Décrivez-nous les étapes de cette création : comment est née la mise en scène ?

J'ai travaillé avec Lucie Nicolas, avec qui je collabore depuis très longtemps. Dans le texte de Suzanne Lebeau, il y a la petite Histoire, la vie de Petit Pierre ; et la Grande Histoire, celle qu'on apprend dans les livres. A la première lecture, j'ai pensé que c'était deux univers différents, que Petit Pierre était exclu de cette grande Histoire. Mais en fait non, tout est lié : Petit Pierre crée à partir de ce qu'il perçoit du monde, ce qu'il voit de son siècle, et c'est par sa création qu'il le réintègre. La petite histoire, j'avais imaginé qu'elle serait figurée en direct, par des objets que je fabriquerai sur scène ; et la grande Histoire, je voulais qu'elle soit évoquée par des images d'archives. Il fallait qu'il y ait deux espaces qui coexistent, avec des interactions. Lucie Nicolas m'a suivi dans tout ce processus. On a fait le travail d'adaptation ensemble autour du texte. On en a coupé un tiers, mais on a gardé la structure, sans rien réécrire : je ne voulais pas toucher à l'écriture de Suzanne Lebeau. Et je tenais à défendre ce texte moi-même, sur scène ; d'abord parce que j'avais extrêmement confiance en Lucie Nicolas pour me diriger, et aussi parce que je me sens avant tout interprète et scénographe. C'est d'ailleurs ce que j'aime dans le fait d'être marionnettiste : cela me permet de toucher à tout, à l'interprétation, à la dramaturgie, et à la matière. J'adore coudre, dessiner, faire du théâtre. En étant marionnettiste, je peux tout utiliser, et c'est reconnu comme faisant partie de mon métier.

Vous êtes-vous sentie en proximité avec Petit Pierre ?

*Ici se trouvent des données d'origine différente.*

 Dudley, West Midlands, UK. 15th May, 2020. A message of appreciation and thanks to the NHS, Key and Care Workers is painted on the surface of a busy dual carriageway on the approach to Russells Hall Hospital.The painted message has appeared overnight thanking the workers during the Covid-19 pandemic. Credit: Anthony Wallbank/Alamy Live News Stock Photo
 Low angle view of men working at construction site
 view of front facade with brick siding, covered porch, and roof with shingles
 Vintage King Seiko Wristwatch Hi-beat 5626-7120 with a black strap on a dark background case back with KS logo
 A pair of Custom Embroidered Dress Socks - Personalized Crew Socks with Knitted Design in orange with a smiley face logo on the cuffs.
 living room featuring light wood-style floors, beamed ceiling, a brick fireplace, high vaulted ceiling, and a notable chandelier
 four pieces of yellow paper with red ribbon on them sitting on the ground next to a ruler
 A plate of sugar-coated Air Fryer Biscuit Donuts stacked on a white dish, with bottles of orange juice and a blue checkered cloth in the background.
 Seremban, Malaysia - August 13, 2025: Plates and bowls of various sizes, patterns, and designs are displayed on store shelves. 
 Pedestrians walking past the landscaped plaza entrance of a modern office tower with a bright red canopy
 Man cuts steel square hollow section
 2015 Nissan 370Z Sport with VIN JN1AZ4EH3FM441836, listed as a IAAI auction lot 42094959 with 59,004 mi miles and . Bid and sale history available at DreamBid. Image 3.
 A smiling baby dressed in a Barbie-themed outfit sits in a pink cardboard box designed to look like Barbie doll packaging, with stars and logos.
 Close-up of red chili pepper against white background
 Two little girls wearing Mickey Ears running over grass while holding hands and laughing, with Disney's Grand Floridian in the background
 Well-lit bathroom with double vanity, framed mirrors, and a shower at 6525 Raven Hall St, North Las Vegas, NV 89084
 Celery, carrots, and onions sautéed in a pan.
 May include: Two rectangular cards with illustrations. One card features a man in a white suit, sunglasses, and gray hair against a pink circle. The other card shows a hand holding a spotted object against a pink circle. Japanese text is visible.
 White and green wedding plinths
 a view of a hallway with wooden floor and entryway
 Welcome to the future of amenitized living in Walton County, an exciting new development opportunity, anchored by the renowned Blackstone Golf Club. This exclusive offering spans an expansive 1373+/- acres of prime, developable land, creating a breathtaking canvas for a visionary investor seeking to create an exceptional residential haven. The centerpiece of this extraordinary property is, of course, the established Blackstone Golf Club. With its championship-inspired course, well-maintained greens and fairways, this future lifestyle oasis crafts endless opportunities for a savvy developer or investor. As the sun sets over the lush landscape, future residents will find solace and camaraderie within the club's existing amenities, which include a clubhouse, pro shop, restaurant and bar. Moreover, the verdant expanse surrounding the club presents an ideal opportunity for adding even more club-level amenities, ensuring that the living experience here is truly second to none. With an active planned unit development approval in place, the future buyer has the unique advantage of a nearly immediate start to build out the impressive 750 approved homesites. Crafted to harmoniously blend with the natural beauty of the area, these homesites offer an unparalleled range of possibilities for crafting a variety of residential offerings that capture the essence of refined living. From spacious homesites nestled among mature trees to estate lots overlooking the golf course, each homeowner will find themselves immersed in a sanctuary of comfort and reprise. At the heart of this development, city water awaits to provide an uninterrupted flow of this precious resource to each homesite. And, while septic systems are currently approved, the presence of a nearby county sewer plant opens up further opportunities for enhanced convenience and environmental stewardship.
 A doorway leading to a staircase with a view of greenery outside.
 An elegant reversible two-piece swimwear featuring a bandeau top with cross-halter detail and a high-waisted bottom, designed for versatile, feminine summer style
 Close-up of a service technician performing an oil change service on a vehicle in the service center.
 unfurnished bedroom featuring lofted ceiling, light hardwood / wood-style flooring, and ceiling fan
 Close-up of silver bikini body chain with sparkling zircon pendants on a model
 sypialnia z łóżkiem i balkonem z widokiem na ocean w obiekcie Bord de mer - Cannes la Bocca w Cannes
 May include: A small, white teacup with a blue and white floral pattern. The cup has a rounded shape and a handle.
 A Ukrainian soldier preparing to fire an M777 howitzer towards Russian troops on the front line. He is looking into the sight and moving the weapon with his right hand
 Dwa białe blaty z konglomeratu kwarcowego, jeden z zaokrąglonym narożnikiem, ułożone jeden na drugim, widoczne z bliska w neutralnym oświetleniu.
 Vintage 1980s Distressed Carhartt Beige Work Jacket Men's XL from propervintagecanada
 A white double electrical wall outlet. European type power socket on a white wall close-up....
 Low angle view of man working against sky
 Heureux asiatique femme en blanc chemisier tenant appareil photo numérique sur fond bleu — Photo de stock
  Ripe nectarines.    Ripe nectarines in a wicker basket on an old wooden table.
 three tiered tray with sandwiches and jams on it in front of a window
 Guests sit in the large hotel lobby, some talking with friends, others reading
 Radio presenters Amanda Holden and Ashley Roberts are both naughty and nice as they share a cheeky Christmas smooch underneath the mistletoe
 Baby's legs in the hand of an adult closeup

Enormément. Surtout dans sa manière de construire. Comme lui, j'ai du mal à faire des plans. J'ai besoin de malaxer les choses, de les triturer jusqu'à ce que je trouve. J'aime travailler très vite. À ma manière, je suis précise, mais pas conventionnelle. En général, je pars d'une idée, mais quand je tente de la construire, elle m'emmène ailleurs. Je suis incapable de mettre par écrit un mécanisme. Mais lorsque j'ai créé Petit Pierre, soudain ma manière de travailler était justifiée, parce que c'était un peu sa façon de faire. Cela donne des choses fragiles, anarchiques, bruts, très simples. Je pense que c'est comme ça que Petit Pierre créait : il partait des matériaux. Suzanne Lebeau le dit : “ La tour était construite sans plan et sans calculs .” À la Fabuloserie, les rouages sont hyper ingénieux, mais pas “ propres ” : ils sont bricolés ; ils ne suivent pas les règles de l'art. Mais d'un point de vue mécanique, c'est justement parce que le fil de fer est un peu tordu que le manège marche bien. Toto, le réparateur, s'arrache parfois les cheveux. Quand un fil de fer se rompt, pour réparer c'est un vrai casse-tête. La logique de Petit Pierre est à 100 lieues d'un savoir technique de la mécanique. À la Fabuloserie, on a passé des heures à comprendre comment cela fonctionnait.